After ECW folded in 2001, due to financial issues, Heyman was hired as a colour commentator and as a writer/producer for the WWE. A year and a half later, he was assigned to the booking role on Smackdown.
It was a new environment for him, but Heyman accepted the role, even if it meant that he was unable to make the final decisions. The business had to move forward and focus its attention on a new audience, who wanted to see great technical wrestling, so Heyman gave it to them. He was in no way trying to recreate what he had accomplished in the original ECW, because he says what’s passed has passed and he was aiming to please a new generation.
“If you spend your life trying to duplicate what you’ve done in the past, you lose focus and are unable to concentrate on the present,” Heyman said.
With every change that happens, Heyman says two things should always stay the same, regardless of who the target audience is.
“Before a big match, every promoter should ask themselves, ‘Why are these two guys fighting?’ and, ‘Why should anybody pay to see it?’” Heyman said. “[The recent boxing match] De La Hoya versus Pacquiao was much more intriguing than Calzaghe versus Jones, because it’s a clash of cultures, which is a natural built-in storyline. Calzaghe versus Jones didn’t really click with people, because no one ever explained the significance of the bout. But with De La Hoya versus Pacquiao, it was also the huge personalities fighting it out and the audience understood why this was a must-see attraction.”
Heyman writes a series of columns for his multimedia project The Heyman Hustle, which has a section in the Sun, a UK-based newspaper and website. In his blog entitled “Out with the old, in with the new,” Heyman explains the importance of character presentation.

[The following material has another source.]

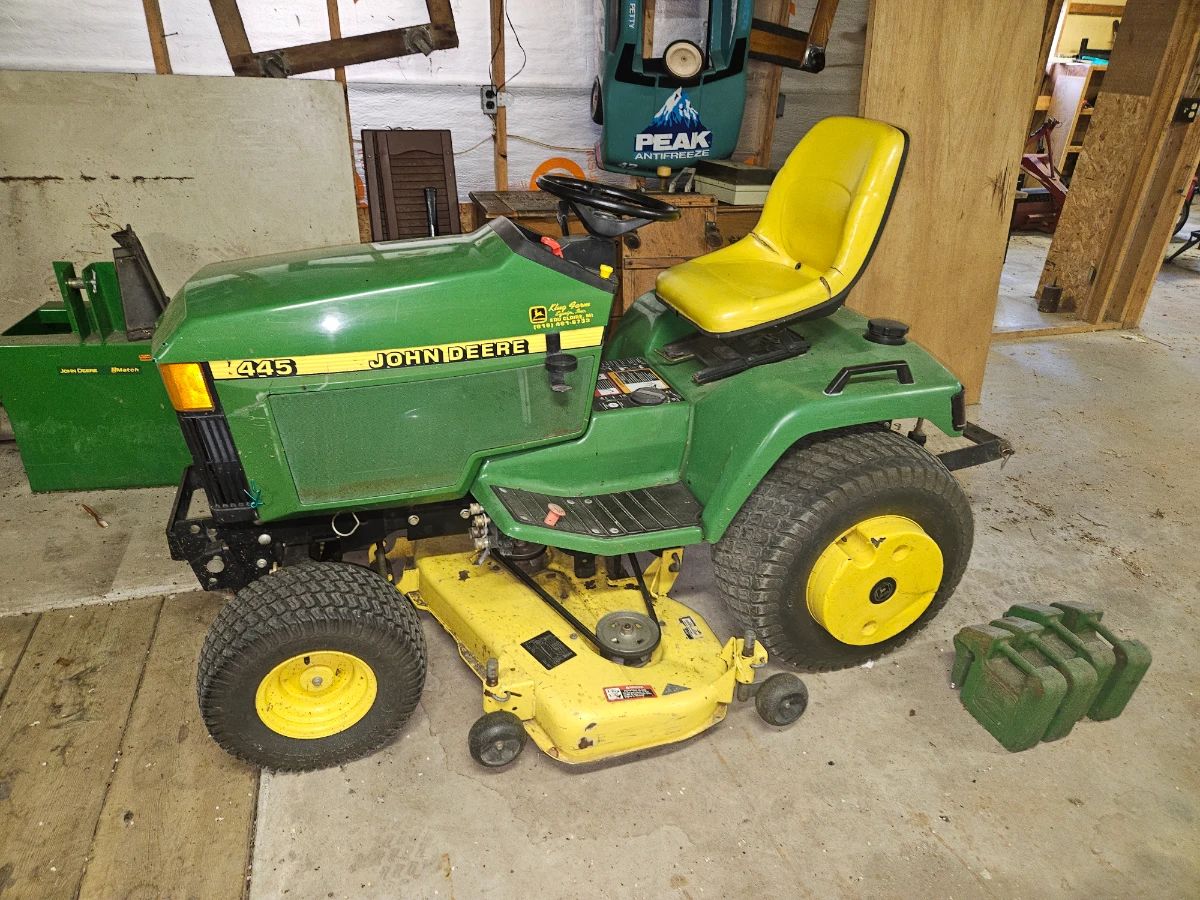John Deere 445 3 point hitch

He says that all promoters should clearly define their stars and give fans a reason to come to their events, because if the fans don’t care about the performers in a match, they won’t care about the match itself.
“WWE programming is light years ahead of anyone else in terms of production value, but the utilization of those production assets is tied up in pyrotechnics and the slick presentation instead of character building mechanisms, which the company has gotten away from,” Heyman described in his column. “Defining the characters, presenting the persona in a manner the audience would understand and giving the public a reason to be interested in the storylines, emotionally involved in the characters and enticed to pay money to see the outcome of a match that was hyped by the arc of the storyline itself.”
Heyman also states in the blog that pro wrestling companies should always reach out to pop culture and create a product that the current fan-base can relate to.
“Either take the show and re-design the pacing, the formatting, even the way the main events are announced and promoted or change the atmosphere of it to accommodate the pop culture-desirous fan-base that is flocking away from pro wrestling,” he wrote. “It’s time for the writing and production staffs that advise Vince to re-acquaint themselves with what popular movements are taking place, before WWE further victimizes itself by appearing to be out of touch.”
The business has seemingly come around full circle. It appears that the WWE is targeting children again.
“The direction that they’re going in all depends on who their target market is,” Heyman said. “It’s a much more family-oriented product now.”
Apter agrees with that statement, but doesn’t believe that the business has entirely steered away from their previous demographic.
“They (WWE) have not cut out the adult audience. They have just softened the adult product so parents will let their kids watch the shows — and advertisers may consider it a more advertising-friendly environment.”